[[ EXTRACTED RECORDS open ]]

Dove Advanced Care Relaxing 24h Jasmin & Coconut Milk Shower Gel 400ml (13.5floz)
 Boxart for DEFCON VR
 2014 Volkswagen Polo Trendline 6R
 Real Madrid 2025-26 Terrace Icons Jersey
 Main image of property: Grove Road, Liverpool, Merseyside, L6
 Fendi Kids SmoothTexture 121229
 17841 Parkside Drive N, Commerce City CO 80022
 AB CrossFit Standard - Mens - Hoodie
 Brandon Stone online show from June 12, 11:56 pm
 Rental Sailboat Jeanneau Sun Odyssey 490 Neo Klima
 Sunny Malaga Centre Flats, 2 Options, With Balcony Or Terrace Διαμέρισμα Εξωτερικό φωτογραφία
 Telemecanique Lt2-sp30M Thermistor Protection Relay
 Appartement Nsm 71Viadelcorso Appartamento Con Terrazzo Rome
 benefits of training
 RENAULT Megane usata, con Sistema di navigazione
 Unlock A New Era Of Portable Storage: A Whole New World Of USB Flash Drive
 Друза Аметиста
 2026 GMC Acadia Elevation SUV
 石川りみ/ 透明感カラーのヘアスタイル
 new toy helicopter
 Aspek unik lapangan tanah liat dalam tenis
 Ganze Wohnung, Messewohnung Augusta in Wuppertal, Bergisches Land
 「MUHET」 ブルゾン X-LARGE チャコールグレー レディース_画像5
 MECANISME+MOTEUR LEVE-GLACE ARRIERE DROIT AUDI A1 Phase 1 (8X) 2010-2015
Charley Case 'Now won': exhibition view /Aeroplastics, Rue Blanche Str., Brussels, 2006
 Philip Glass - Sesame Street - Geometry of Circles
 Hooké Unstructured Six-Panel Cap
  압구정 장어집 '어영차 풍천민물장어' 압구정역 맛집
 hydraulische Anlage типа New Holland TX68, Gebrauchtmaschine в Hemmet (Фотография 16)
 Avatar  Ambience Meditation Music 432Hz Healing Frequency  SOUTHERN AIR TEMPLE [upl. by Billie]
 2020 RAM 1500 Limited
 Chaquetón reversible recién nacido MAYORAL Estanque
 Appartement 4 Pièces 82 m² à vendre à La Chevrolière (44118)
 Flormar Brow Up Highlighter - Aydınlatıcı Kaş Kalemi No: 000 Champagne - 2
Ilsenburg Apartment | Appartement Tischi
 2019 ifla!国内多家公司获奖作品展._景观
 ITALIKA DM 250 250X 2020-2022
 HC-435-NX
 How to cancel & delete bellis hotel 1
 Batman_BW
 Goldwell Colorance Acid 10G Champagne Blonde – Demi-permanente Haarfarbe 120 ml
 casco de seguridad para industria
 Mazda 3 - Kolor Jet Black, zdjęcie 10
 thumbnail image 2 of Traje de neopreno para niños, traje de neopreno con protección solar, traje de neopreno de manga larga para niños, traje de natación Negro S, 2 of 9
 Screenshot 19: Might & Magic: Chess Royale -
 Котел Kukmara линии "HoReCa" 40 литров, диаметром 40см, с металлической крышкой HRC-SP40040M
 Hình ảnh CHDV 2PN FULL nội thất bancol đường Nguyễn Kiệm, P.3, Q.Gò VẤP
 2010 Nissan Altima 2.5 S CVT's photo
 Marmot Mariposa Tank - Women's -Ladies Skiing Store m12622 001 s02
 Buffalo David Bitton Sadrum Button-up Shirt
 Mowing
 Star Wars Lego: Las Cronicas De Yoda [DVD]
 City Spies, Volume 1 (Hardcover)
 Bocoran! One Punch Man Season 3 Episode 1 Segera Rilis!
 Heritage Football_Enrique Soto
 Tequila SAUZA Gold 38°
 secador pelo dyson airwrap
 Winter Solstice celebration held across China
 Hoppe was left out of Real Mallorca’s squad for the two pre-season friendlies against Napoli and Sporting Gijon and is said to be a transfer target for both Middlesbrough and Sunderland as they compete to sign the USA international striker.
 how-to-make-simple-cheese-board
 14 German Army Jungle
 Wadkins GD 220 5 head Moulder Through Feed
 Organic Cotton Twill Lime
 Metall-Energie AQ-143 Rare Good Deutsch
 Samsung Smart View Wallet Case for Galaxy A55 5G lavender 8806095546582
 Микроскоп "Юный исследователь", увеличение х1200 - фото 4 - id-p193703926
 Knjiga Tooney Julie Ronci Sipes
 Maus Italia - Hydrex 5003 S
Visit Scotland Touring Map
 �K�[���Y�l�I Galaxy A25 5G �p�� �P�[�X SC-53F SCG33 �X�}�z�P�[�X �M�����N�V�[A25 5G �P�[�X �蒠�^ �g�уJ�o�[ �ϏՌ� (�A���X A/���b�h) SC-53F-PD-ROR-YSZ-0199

[[ EXTRACTED RECORDS closed ]]

EXERCISE DETAILS:
List every line from the entries above in which "para" appears.

ANSWER BOX:
 casco de seguridad para industria
 thumbnail image 2 of Traje de neopreno para niños, traje de neopreno con protección solar, traje de neopreno de manga larga para niños, traje de natación Negro S, 2 of 9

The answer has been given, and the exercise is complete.